The market of food and eating items is increasing day by
day. The food marketers are targeting children and
adolescents as customers with intention to affect their
food choice, food preference and ultimately food buying
behaviour. Market research shows that children wield
considerable power as consumers, and their influence on
family purchases goes beyond the selection of toys and
cereals. Children also exert a substantial influence on their
parents' consumer decision making and spending
(Hawkins et al., 2001). Blackwell et al. (2001) states that
adolescent influence on household spending varies by
product user and by degree. They have a greater influence
in decisions on purchases of products for their own use.

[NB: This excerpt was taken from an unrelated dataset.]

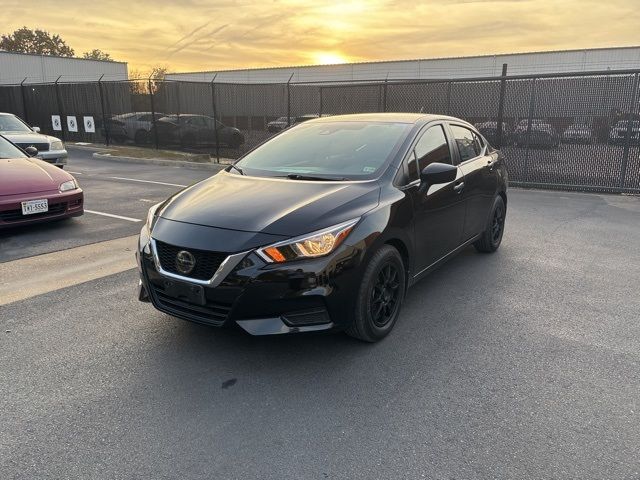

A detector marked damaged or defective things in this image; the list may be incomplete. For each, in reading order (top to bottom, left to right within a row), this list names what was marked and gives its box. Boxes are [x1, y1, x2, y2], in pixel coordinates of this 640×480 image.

parking lot pavement crack [0, 235, 138, 308]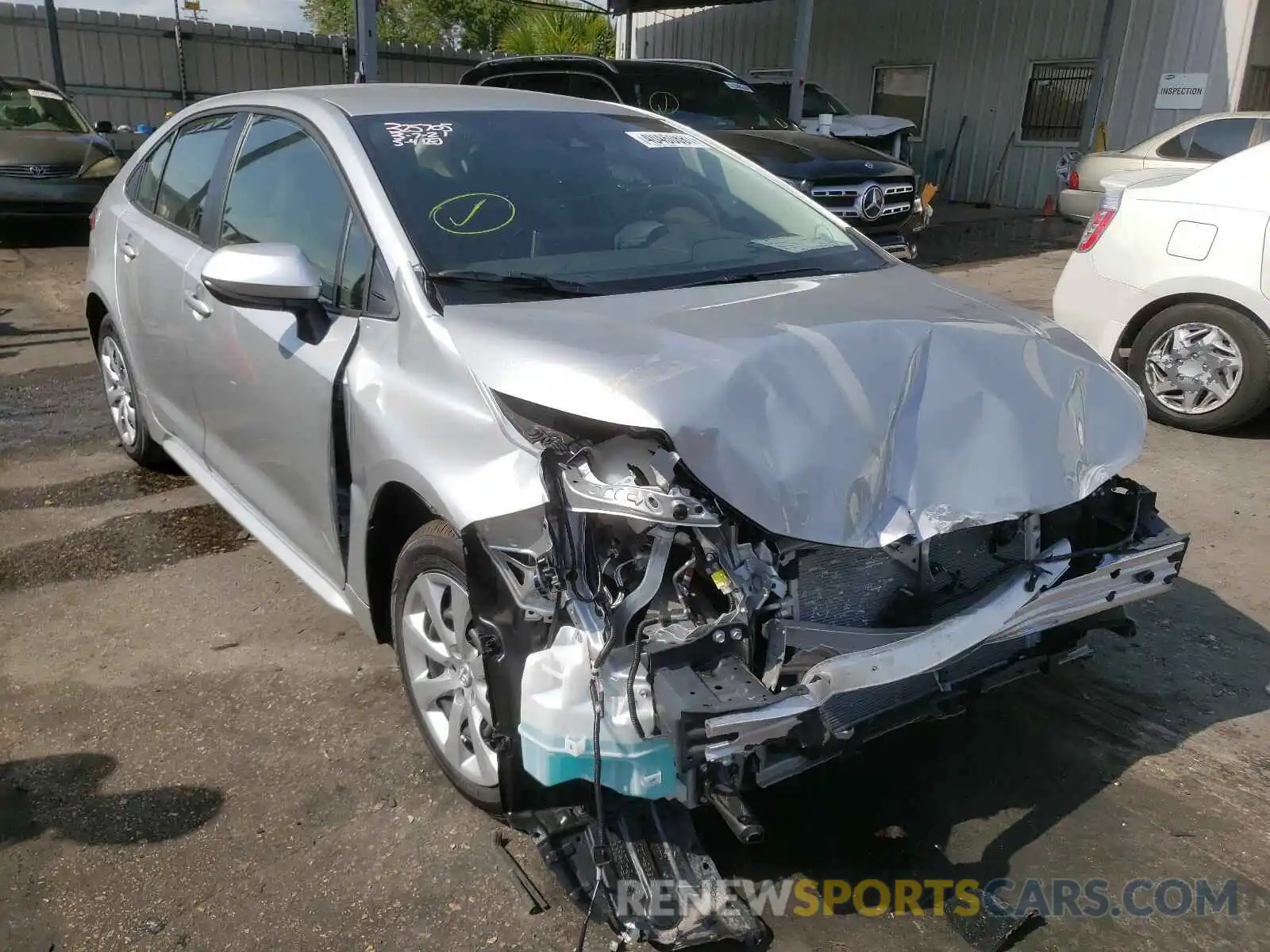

Though there have been many scholarly researches on consumer behaviour of children there is lack of systematic research on the consumer behaviour of children, and specifically the influence or role of consumer socialisation agents (such as parents, peers, retailers and school), can possibly be ascribed to the fact that marketers may think that it is inappropriate to regard children as a "market" (McNeal, 1973). The effects of advertising (and the role of the mass media as a socialisation agent) on children have, however, been the subject of considerable research during the past three decades (Meyer, 1987; Roedder, 1981; Macklin, 1987; Yavas & Abdul-Gader, 1993; Cardwell- Gardner & Bennett, 1999). The findings of a recent study by Carlson et al. (2001) indicate that parental styles plays vital role in determining the manner in which mothers socialise their children about television and television advertising. Children are difficult to study, and today's children live in a rapidly changing technological world. Research must therefore be undertaken to understand the consumer behaviour of children, and to ascertain the reasons why they feel and act the way they do.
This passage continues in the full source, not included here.